After Nhem Sal and his friends heard the prince on the radio, they took off for the jungle and joined the Khmer Rouge. Five years later, they had won, taken over the capital and driven the population into the countryside, where they were to live out "true" communism. It was the start of a ruthless campaign of genocide against Cambodia's own people.

Five months later, child soldiers -- not unlike Nhem Sal and his comrades themselves -- arrived at their camp and accused them of being "spies for US imperialists." After a brief interrogation, they shot Nhem Sal's supervisor. He ended up as "fertilizer for the rice fields," as his executioners cynically put it.

Nhem Sal was thrown on a truck and taken to Tuol Sleng prison. During the days he was tortured. He spent the nights chained to his cot. Unlike most of the others in the camp, he was suddenly released after a year to combat again with the Khmer Rouge in border fighting against Vietnam. The killing finally came to an end in December 1978. Vietnamese soldiers -- headed by the Cambodian Hun Sen, a renegade from the Khmer Rouge -- liberated the country from the orgy of bloodletting that Pol Pot had set in motion.

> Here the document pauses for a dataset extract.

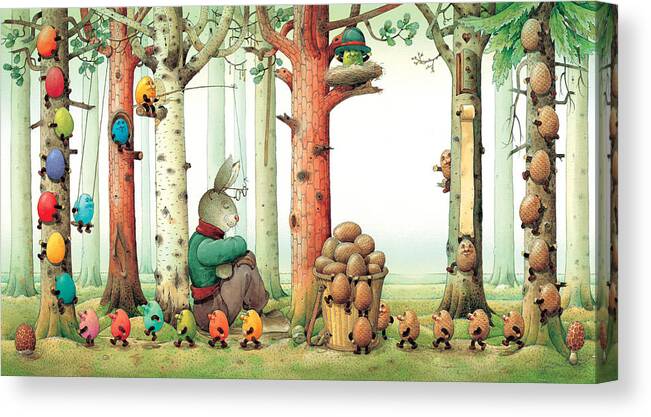 Eggs Easter Forest Canvas Print featuring the painting Forest Eggs by Kestutis Kasparavicius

Now, 28 years later, Nhem Sal has returned for the first time to Tuol Sleng as he prepares to take the stand as a witness before the tribunal.

White letters announce over the entrance: "Genocide Museum." On the ground floor are long rows of boards affixed with photos. All prisoners had been photographed by Pol Pot's guards upon their arrival at this tropical gulag, and their personal data noted.

Nhem Sal spends some time examining the walls of photos, searching in vain for his own image. Suddenly his memories overwhelm him and he runs outside.

Why did the Khmer Rouge exhibit such barbarity? Who gave the order to commit mass murder of their own people? French scholar Philippe Peycam has tried to answer such questions. "Indirectly, the catastrophe began with us, the French," says the director of the Center for Khmer Studies in Siem Reap, which is located near the world-famous site of the temple Angkor Wat, which also had housed the Khmer Rouge.